* SOURCE MATERIAL:
╔══
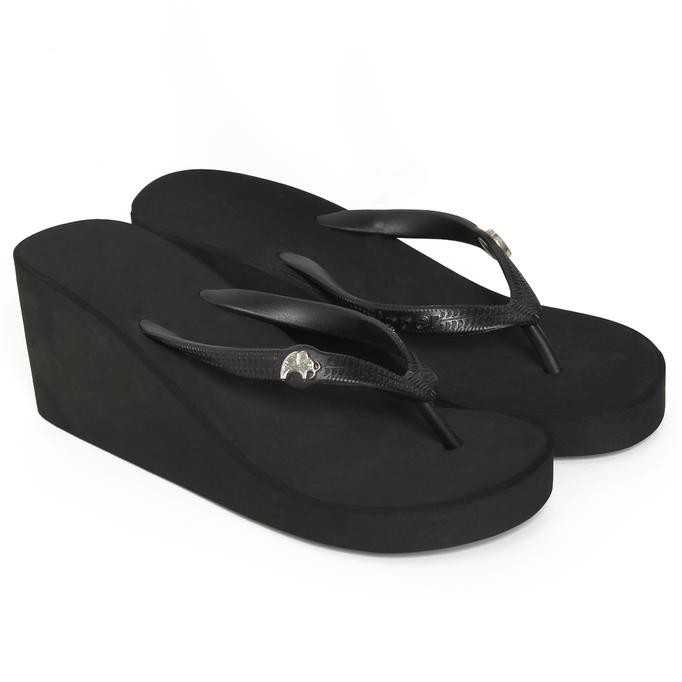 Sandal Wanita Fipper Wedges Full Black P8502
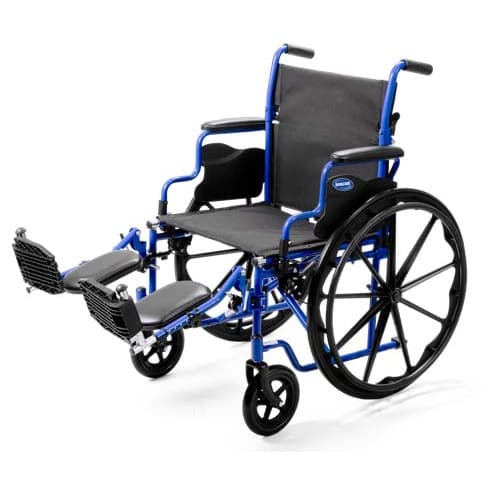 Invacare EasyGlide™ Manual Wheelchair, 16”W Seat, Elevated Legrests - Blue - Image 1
╚══
╔══
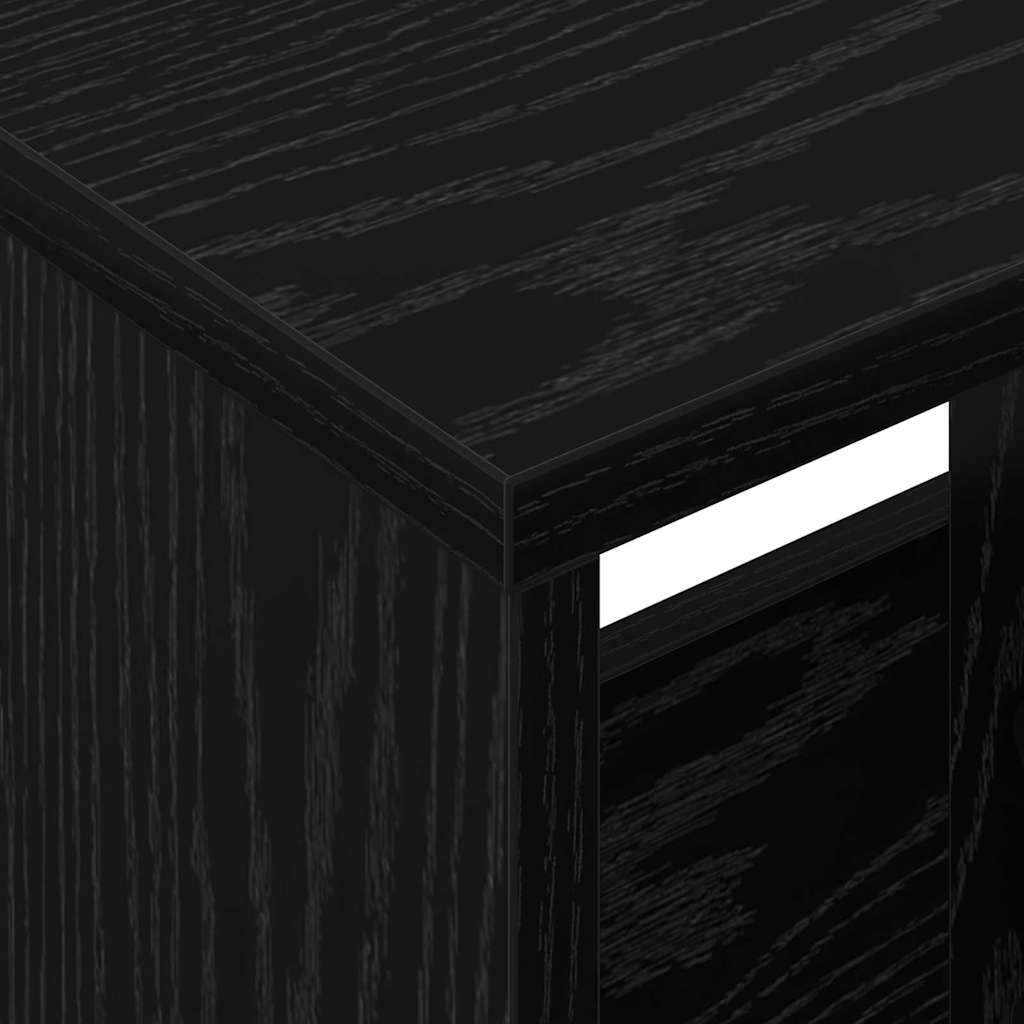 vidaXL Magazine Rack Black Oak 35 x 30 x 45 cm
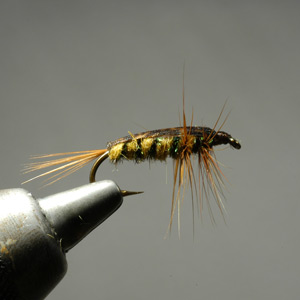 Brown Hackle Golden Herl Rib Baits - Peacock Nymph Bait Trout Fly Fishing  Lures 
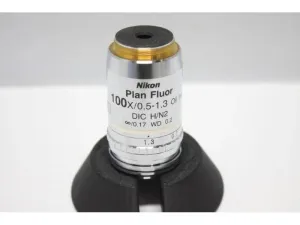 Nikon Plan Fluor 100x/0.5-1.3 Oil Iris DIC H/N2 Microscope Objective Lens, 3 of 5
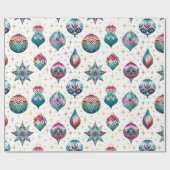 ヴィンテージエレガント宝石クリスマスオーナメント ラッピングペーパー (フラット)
╚══
* EXERCISE: Your copy should hold only the lines above from the one containing "Brown Hackle Golden" through the one containing "ヴィンテージエレガント宝石クリスマスオーナメント ラッピングペーパー (フラット)", exactly as written and free of pictures.

* EXPECTED OUTPUT:
 Brown Hackle Golden Herl Rib Baits - Peacock Nymph Bait Trout Fly Fishing  Lures 
 Nikon Plan Fluor 100x/0.5-1.3 Oil Iris DIC H/N2 Microscope Objective Lens, 3 of 5
 ヴィンテージエレガント宝石クリスマスオーナメント ラッピングペーパー (フラット)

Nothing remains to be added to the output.